Let’s skip the specifics and think in terms of an analogy instead. Let’s pretend you own a fast-food burger shop. Telephone orders are taken, and customers can pick up their food whenever they’re ready. One day, a joker places a dozen separate phone calls to your restaurant, ordering a hundred burgers.

That should keep all your chefs busy, so you can stop taking orders now. But the prankster is always late to get the burgers. You could not serve real consumers since all your time and energy was spent on false ones.

This can be frustrating, but luckily it only takes stopping one individual from destroying all the bogus orders. Their number can be blocked, and the issue will be resolved. This can also occur on a server. The server’s responsiveness to legitimate queries can be severely hampered by a rogue client sending many unnecessary requests.

However, as we have seen, it only takes one client for the server to shut down all requests from it. DoS assaults, the ancestors of today’s distributed denial-of-service (DDoS) attacks, are what this is called.

Now imagine that a group of jokers has been calling your fast food restaurant.
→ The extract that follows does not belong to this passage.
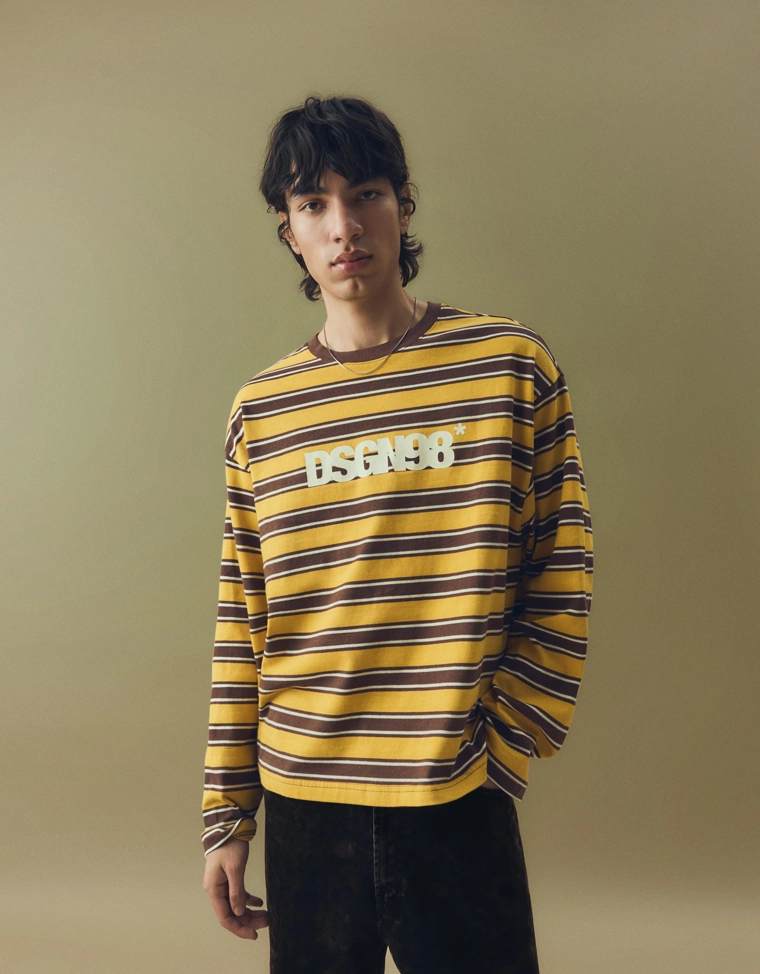 Лонгслив с принтом в стиле ретро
Your landline never stops ringing, and you can never be sure who is calling. You can’t unilaterally restrict numbers without disrupting service to legitimate users. All of your processes have stalled. Such is the case when a server is subjected to a distributed denial of service attack when hackers generate traffic from several computers that look exactly like actual traffic, and the server, network, or website crashes.
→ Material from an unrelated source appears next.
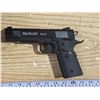 Image 4 : Red Alert RD-1911 Air Pistol Co2 Powered 177 Cal with 2400 BBs (14) C02 Plus Carrying Case
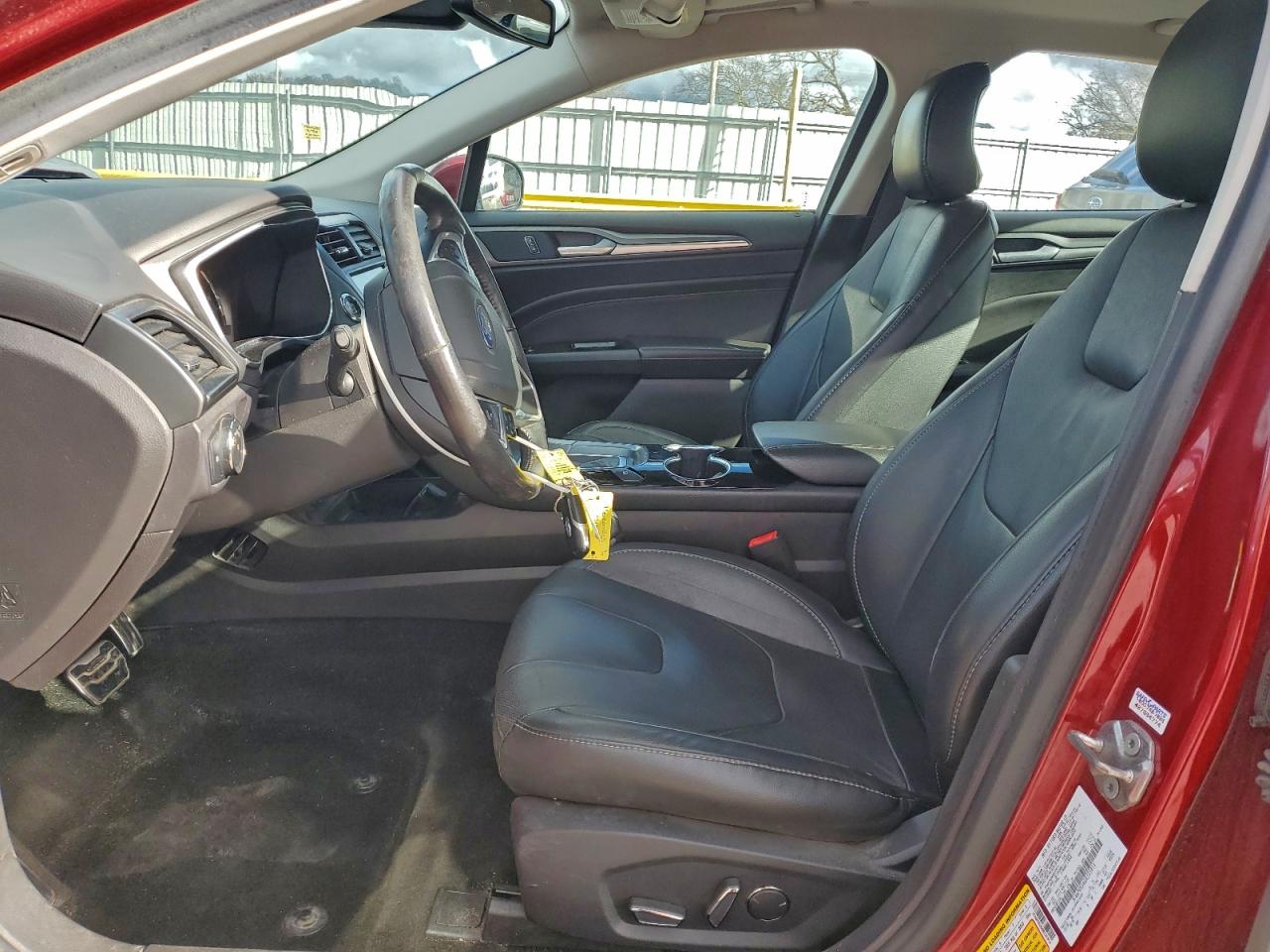 FORD FUSION TITANIUM PHEV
Types of Distributed Denial-of-Service Attacks

Types of DDoS AttacksDDoS attacks come in a variety of forms. Some classes are more common and complex to detect than others, typically differentiated by their duration (short-term vs long-term).  While a distributed denial of service (DDoS) attack usually intends to overwhelm the targeted system, the methods employed might vary widely. There are three types of DDoS attacks.

Application Layer DDoS Attacks

In response to a request from a client, the server implements the appropriate logic at the application layer. The user sends an HTTP request to the server asking for the learning page when they type http://www.xyz.com/learning/ into their browser. All relevant data for the requested page will be retrieved by the server and returned to the client browser as a response.
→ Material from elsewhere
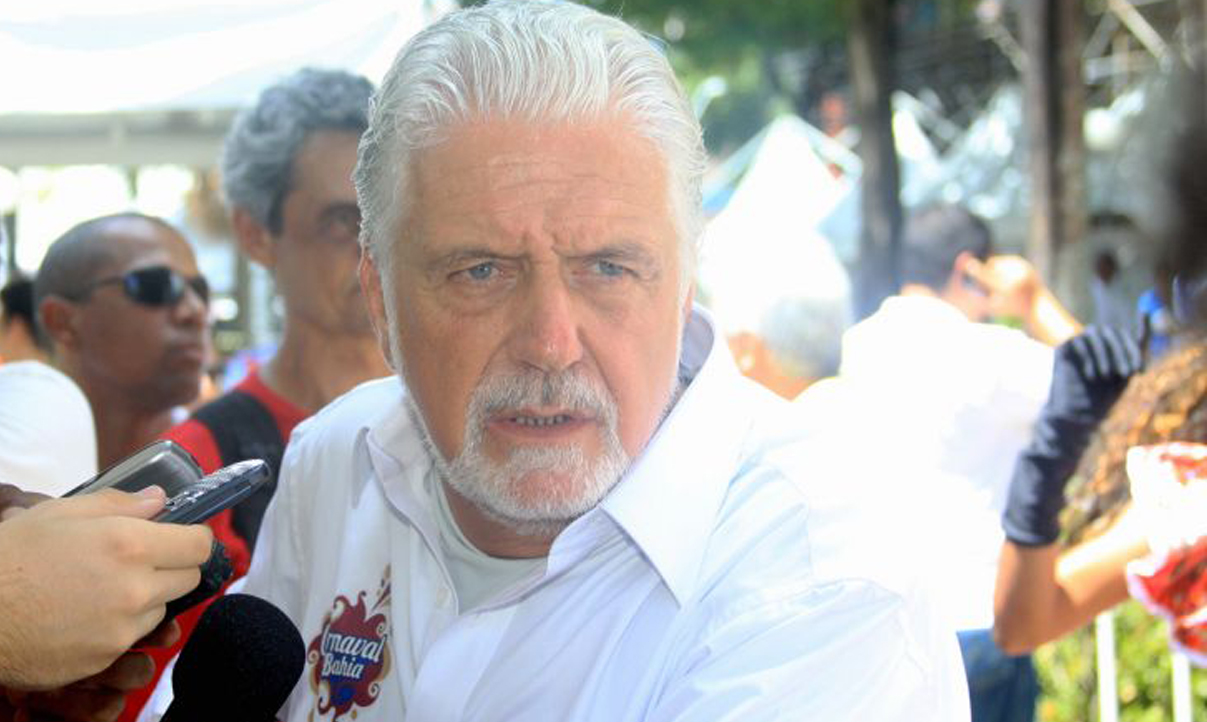 Wagner justifica falta de Dilma com tragédia no RS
This data collection and storage occurs at the application layer. When a hacker uses many bots or machines to flood a server with requests for the same resource, they have launched an application layer attack.

Most application layer attacks take the form of HTTP flood assaults, in which attackers repeatedly submit many HTTP requests to a server from various IP addresses. Constantly querying a server to produce PDF files is one such instance. The server cannot know it is under assault because the IP address and other identifiers are different with each request.

Protocol DDoS Attacks

The goal of a protocol assault is to completely drain a server’s or network’s resources, such as those of its firewalls, routing engines, and load balancers. The SYN flood attack is a type of protocol attack.

The TCP handshake must be completed before establishing a secure connection between two machines. TCP handshakes are used for exchanging initial configuration data between peers. The client initiates a new channel for most TCP connections by sending an SYN packet to the server.

SYN flood attacks involve the attacker overwhelming a server with many SYN packets using fake IP addresses. As each package is sent, the server acknowledges it with an SYN-ACK and requests that the client finish the handshake. Yet the server remains patiently waiting for a response from the client(s). In the end, it freezes up from waiting for too many answers.

Volumetric DDoS Attacks

In a volumetric attack, the target server is inundated with so much traffic that it can’t handle. The DNS amplification assault is the most widespread type of volumetric attack.

The attacker sends requests to a DNS server from the victim’s faked IP address. The DNS server subsequently transmits the response to the requested server. When done on a large scale, the target server can be overwhelmed by the flood of DNS answers.

DDoS attacks are a growing problem for many organizations and can have devastating consequences. To protect against these attacks, it is essential to understand the different types of DDoS attacks, the methods by which they can be detected, and the available defense strategies.